If you are professional, probably you have one of those "Guide rail", but if you are amateur like me...

The circular saw guide is very old "patent", so what's new.

I used "floor panels", slippery and strong (15 years guaranty), they come in lengths of 1280 mm or 2500 mm, I used the 1280 mm and 8 mm thickness.

Another improvement, that can work also with the "Guide rail" (I think), is using of knives for measuring and positioning to give maximum accuracy.

And the rest is on the pictures.

Regards
niki




Code:


[img]http://i158.photobucket.com/albums/t104/nanikami/CS%20guide/C1.jpg[/img]
[img]http://i158.photobucket.com/albums/t104/nanikami/CS%20guide/C2.jpg[/img]
[img]http://i158.photobucket.com/albums/t104/nanikami/CS%20guide/C3.jpg[/img]
[img]http://i158.photobucket.com/albums/t104/nanikami/CS%20guide/C4.jpg[/img]
[img]http://i158.photobucket.com/albums/t104/nanikami/CS%20guide/C5.jpg[/img]
[img]http://i158.photobucket.com/albums/t104/nanikami/CS%20guide/C6.jpg[/img]
[img]http://i158.photobucket.com/albums/t104/nanikami/CS%20guide/C7.jpg[/img]
[img]http://i158.photobucket.com/albums/t104/nanikami/CS%20guide/C8.jpg[/img]


----------



## devonwoody

Niki, interesting post, although this type of operation is not needed by me because I use the Triton workcentre and have the large extension.

But the reason for posting is because I notice you are using those black quick action clamps.
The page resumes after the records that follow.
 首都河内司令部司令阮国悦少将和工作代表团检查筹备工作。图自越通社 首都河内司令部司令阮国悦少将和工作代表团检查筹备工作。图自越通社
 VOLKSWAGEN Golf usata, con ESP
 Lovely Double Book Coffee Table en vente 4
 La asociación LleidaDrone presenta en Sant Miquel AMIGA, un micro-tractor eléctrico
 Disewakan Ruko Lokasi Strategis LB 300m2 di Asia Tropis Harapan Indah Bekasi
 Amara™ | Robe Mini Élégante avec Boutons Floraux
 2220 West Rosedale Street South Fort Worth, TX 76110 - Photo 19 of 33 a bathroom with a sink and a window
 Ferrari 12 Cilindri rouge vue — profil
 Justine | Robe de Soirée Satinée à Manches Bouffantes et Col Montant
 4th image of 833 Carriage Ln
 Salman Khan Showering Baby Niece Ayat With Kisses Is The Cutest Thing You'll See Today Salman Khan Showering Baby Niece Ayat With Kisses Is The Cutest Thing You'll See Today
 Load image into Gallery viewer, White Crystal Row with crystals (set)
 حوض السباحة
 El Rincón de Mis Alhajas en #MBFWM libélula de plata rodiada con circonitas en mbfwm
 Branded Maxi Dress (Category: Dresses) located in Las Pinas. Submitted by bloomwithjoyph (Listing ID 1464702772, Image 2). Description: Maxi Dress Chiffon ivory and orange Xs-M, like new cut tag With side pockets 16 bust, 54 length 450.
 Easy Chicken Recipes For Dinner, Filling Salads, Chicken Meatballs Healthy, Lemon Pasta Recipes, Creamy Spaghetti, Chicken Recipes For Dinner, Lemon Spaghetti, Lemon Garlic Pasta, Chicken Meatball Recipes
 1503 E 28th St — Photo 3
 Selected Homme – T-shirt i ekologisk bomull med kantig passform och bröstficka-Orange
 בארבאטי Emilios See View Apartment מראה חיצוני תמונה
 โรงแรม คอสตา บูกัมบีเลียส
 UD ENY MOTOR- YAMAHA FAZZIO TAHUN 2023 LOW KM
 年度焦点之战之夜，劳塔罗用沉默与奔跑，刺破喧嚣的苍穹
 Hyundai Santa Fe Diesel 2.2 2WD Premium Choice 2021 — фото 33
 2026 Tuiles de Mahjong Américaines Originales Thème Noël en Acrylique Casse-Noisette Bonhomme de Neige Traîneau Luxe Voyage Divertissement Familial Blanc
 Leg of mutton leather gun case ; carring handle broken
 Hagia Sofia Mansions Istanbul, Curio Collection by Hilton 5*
I also have a set of this brand and mine broke down rather easily, however if you take the mechanism apart and replace the plastic lug that easily breaks and replace it with a M5 or 6 nut and bolt the clamps are a very good buy for the price in those penny bazaars.


----------



## Niki

Devonwoody

I was smiling to myself while reading your post, because I did exactly what you described.

I have another tip; sometimes when you are tightening the clamp it slides back and the grip in very weak. Grind the narrow sides with #40 it will make it "Iron grip".

I'm going to post it with pictures.

Thanks
niki


----------



## Anonymous

You must enter a message when posting


----------



## filsgreen

Niki, thanks a lot for the illustrated tip. I need to see a picture before I understand things  

Phil


----------